Our group were already advanced R users, so the challenge we faced was how to organise our projects in a simple, logical way to enhance reproducibility. We wanted to take advantage of existing conventions in R to organise our work in a way that makes it easy for other users to navigate. Our goal was to come up with some simple steps for getting organised with a new or ongoing project that uses R. We were also keen to investigate how we can use modern software engineering tools to automate some of the processes to check the reproducibility of our research. We wanted our final product to embody the best practices that we've read in several recent high-profile publications.

Our solution was one of the main results of our workshop. This is the new R package rrtools, or 'reproducible research tools'. This free and open source package provides instructions, templates, and functions for making a basic compendium suitable for reproducible research and writing a journal article or thesis with R. After much experimentation and trial and error in our group, we boiled the setup process down to eight quick and easy steps. These steps include:

1. Creating a new empty R package as the research compendium. This is important because most R users recognise the file structure of an R package. So they will know where to look for the different parts of the compendium.

2. Adding licenses to specify how we want the contents of the compendium to be reused by other researchers.

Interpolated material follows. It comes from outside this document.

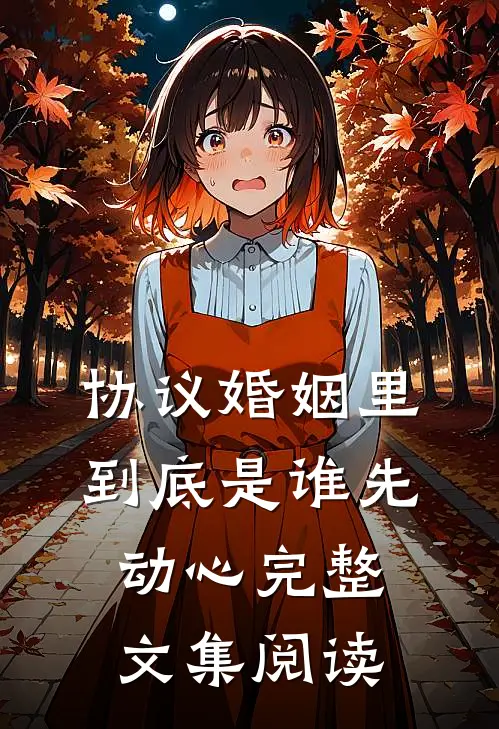 协议婚姻里，到底是谁先动心完整文集阅读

3. Connecting our compendium to GitHub, a web site for sharing code and data files. GitHub is also an excellent system for collaborating on writing papers and code and sharing files.

4. Adding some basic, structured machine-readable and human-readable metadata, instructions on how to cite the compendium, and instructions for potential contributors.

5. Adding a file structure and document templates to organise the typical components of a research project and accompanying journal article or book. For example, separate directories for data and code.

6. Adding a Dockerfile that contains a recipe for making an isolated computational environment for our analysis. This means we're not constrained to a specific computer with a specific setup to ensure that our analysis can be done correctly. We can create a Docker container to reproduce the exact computational environment that our original analysis was based on.

7. Connecting our repository to an online service that automatically tests our code each time we update it. This saves us from having to spend a lot of time testing our code—the Travis service runs the tests for us.

8. Adding tests for our custom functions. In case our works includes complex R functions, we should add tests to ensure that our function do what we expect.

For each of these steps, we have a one-line function to complete the task. In less that five minutes, you can start from nothing, run these functions, and then have a complete research compendium. In our group, we mostly used RStudio to run R, but also some Emacs users. The eight functions described above save a lot of intermediate struggles with organising our work to be transparent, open and reproducible. The file structure generated by our package includes several template files. With these templates, we can start writing and doing data analysis right away.

The writing system we use in this approach is called R Markdown. It's different from writing in a word processor because the document does not look exactly like how it will print out. Instead we see plain text, with some code-like formatting to specify bold, italics, etc. Markdown allows us all the usual scholarly writing tools, such as citing references (we especially recommend Zotero to help with this), adding tables and figures, and including numbered captions and cross-references. Using R Markdown, we can weave blocks of R code in between the paragraphs of text. These blocks of code can make plots or tables that will appear in the final document. It is possible to write entire journal manuscripts in this R Markdown system, as some of our group have already done.

We're very pleased with this outcome from our Summer School. This rrtools package was born off an intense effort by our group to find simple and easy methods to improve the reproducibility of archaeological research. We're already using it among our own projects. We invite anyone interested to take a look, try it out, and give their feedback.